■ Work instructions
Tally the lines below that contain "Pressure" and reply with only the tally.

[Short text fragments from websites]
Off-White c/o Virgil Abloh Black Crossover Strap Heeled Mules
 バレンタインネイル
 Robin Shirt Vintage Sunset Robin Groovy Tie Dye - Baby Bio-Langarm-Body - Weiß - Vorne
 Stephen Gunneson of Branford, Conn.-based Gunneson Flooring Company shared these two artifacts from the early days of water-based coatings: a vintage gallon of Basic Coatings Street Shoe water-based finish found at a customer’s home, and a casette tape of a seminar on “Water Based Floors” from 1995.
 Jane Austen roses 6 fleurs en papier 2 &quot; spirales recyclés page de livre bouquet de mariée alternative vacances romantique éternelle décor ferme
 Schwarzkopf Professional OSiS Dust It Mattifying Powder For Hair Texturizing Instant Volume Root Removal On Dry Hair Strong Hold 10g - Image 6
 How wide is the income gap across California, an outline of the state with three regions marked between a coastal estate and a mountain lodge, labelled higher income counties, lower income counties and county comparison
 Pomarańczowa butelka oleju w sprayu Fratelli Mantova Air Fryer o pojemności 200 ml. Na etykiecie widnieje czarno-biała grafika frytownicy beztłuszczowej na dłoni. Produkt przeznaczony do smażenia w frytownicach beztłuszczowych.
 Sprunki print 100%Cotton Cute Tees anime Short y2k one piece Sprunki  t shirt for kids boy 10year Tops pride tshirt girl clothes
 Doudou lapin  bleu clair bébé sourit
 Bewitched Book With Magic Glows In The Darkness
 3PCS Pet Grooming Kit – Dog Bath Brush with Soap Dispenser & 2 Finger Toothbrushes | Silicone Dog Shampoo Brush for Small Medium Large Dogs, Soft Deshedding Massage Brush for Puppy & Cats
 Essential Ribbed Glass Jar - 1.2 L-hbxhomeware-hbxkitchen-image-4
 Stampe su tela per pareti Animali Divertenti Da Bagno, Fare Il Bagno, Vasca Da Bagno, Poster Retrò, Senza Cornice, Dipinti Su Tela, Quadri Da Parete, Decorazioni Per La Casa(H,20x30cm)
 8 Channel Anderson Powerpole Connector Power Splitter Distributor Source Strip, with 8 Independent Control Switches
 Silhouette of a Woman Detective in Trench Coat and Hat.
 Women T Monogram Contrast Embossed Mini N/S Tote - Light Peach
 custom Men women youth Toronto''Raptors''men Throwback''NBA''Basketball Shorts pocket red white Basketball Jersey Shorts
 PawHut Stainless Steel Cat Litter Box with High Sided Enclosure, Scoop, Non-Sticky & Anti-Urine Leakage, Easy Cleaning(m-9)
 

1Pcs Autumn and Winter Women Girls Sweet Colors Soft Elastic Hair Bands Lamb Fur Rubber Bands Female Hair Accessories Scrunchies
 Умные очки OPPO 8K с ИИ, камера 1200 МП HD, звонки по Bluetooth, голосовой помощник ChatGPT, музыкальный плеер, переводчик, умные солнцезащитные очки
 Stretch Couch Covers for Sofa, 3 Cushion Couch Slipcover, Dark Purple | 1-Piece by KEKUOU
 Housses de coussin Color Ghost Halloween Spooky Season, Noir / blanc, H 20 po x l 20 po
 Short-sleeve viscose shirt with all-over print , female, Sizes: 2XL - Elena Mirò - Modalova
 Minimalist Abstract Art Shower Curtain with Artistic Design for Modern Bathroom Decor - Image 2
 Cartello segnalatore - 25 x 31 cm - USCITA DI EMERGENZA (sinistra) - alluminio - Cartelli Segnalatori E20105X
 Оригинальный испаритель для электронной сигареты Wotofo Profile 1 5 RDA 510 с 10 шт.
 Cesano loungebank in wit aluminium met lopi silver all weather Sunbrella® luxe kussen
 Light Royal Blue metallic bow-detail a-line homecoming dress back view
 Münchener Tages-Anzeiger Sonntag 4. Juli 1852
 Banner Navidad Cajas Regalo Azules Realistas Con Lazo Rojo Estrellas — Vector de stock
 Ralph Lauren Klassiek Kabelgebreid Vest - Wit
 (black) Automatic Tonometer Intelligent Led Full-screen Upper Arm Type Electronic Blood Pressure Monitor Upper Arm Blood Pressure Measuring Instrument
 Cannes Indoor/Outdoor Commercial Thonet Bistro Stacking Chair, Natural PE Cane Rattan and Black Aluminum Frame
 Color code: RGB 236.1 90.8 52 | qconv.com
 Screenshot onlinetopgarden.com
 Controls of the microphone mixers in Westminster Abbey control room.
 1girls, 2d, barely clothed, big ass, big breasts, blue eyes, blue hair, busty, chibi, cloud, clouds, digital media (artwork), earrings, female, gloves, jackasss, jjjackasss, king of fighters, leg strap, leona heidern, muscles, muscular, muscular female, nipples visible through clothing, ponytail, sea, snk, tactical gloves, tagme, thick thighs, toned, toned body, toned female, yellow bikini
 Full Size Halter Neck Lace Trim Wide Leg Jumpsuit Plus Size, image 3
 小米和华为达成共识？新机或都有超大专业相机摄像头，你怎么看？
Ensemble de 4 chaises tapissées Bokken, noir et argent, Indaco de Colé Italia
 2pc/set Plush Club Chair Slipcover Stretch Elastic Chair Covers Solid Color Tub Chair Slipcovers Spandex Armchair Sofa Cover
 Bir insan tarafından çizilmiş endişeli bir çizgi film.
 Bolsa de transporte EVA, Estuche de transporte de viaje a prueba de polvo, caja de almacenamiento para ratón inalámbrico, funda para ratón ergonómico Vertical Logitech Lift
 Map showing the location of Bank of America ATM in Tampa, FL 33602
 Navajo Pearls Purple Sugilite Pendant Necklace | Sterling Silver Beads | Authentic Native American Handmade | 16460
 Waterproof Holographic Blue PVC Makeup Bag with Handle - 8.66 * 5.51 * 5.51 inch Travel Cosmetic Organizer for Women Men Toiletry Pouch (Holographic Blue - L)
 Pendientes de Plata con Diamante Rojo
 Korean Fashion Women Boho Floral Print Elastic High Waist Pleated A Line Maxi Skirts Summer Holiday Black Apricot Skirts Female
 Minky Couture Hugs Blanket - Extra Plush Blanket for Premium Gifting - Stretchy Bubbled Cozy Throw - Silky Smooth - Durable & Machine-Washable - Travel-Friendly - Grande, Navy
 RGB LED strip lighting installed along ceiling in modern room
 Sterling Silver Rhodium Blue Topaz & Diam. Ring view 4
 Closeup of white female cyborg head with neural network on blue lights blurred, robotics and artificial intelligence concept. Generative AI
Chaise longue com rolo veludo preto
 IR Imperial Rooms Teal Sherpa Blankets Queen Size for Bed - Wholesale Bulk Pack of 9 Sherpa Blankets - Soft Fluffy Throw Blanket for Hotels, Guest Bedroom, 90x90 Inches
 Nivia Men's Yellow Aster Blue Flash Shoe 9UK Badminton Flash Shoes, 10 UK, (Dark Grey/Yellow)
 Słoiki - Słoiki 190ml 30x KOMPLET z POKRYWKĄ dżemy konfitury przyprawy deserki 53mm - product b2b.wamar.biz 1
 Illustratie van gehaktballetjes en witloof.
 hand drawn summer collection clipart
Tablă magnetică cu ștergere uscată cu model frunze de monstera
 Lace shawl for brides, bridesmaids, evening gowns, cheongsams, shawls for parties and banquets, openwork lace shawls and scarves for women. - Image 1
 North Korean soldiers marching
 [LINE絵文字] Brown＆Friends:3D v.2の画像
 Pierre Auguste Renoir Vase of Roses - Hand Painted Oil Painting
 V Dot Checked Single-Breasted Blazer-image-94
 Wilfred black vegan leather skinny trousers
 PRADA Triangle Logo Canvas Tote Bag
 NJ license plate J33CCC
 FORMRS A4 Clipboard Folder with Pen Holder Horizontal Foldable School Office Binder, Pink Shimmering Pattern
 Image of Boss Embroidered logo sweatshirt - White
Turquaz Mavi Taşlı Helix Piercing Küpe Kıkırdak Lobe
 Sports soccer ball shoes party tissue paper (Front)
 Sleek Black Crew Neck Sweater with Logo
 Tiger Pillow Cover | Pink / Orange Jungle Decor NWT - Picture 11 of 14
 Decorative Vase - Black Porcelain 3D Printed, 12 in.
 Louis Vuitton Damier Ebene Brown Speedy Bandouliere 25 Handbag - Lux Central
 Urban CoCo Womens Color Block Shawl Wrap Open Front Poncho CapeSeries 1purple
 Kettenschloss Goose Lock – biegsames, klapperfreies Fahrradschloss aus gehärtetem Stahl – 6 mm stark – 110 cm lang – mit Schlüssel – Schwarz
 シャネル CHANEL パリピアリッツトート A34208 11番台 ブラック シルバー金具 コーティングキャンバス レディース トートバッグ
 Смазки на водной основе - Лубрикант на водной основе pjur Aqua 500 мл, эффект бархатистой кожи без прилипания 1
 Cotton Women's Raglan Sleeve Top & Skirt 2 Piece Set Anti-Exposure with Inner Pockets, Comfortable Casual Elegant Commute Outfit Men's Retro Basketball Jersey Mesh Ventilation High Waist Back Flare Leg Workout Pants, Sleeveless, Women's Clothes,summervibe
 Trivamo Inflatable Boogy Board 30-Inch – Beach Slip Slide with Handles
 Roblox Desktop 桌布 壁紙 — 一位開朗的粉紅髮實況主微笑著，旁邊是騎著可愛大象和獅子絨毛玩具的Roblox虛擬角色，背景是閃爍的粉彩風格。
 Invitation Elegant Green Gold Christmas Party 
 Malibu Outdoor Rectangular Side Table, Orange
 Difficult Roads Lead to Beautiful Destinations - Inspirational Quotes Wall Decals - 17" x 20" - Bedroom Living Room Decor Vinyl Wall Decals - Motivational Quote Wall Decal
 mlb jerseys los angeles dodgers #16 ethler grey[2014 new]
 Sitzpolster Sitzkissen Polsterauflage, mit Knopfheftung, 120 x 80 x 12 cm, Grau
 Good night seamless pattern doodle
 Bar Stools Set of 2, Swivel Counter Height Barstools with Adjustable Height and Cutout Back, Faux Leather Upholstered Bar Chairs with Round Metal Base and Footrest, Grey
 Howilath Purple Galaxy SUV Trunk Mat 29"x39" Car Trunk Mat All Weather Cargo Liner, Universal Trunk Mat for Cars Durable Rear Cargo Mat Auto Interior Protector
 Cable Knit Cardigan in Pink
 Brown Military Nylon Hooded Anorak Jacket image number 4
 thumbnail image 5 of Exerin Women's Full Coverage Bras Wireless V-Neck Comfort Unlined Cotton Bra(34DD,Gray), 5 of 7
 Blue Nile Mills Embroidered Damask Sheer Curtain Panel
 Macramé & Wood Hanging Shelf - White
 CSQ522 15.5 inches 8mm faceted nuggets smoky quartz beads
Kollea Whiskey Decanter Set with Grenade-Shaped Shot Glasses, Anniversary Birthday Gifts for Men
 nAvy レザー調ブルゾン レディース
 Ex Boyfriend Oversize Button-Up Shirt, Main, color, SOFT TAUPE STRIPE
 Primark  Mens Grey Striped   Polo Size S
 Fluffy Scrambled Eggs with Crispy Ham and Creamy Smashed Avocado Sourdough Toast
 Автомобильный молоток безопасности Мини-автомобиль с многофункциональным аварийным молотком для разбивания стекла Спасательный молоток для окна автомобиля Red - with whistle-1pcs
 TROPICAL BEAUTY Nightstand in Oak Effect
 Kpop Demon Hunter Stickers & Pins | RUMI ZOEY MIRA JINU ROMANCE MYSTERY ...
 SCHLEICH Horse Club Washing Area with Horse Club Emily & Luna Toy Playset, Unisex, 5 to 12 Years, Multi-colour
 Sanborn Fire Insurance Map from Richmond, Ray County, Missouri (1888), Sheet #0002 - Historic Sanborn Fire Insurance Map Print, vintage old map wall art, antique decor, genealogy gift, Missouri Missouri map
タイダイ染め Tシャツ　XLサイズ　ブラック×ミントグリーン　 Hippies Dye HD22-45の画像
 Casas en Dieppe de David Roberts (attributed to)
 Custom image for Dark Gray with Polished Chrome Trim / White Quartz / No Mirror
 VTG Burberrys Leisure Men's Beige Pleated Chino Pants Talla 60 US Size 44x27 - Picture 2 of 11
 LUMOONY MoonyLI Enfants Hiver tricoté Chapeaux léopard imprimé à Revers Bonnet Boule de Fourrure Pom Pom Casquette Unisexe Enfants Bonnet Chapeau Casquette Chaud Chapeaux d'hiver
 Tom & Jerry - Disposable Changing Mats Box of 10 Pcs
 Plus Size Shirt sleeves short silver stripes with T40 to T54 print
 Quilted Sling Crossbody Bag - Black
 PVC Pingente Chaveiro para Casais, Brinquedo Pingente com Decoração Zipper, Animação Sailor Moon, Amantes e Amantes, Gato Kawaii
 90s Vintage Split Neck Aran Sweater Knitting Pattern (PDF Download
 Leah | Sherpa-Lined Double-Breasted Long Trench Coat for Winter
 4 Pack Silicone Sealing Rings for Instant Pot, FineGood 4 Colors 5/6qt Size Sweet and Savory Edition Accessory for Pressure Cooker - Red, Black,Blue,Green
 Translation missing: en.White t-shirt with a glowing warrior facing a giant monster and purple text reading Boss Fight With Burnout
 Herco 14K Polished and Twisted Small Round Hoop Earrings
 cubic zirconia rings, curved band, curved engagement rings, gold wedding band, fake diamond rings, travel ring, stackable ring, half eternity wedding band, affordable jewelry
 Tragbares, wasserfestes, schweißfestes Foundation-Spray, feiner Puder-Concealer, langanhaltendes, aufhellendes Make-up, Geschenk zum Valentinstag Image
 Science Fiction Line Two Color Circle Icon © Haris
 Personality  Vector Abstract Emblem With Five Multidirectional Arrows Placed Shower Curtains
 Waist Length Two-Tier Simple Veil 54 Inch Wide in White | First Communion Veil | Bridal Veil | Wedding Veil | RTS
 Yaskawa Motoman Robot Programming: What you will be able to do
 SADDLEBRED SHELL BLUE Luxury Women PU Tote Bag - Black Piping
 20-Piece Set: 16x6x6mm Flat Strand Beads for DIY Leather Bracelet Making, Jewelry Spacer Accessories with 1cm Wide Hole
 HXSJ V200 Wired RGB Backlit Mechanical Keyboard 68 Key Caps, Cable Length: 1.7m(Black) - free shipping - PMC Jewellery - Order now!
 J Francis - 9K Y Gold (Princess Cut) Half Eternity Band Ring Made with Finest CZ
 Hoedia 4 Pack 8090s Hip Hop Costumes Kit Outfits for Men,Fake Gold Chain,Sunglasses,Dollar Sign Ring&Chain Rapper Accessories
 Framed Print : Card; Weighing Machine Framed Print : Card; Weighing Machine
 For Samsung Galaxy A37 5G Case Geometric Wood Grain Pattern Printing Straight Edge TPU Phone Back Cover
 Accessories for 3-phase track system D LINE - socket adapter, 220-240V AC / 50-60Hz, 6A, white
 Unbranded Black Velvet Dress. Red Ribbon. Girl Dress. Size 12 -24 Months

■ Solution to this problem
2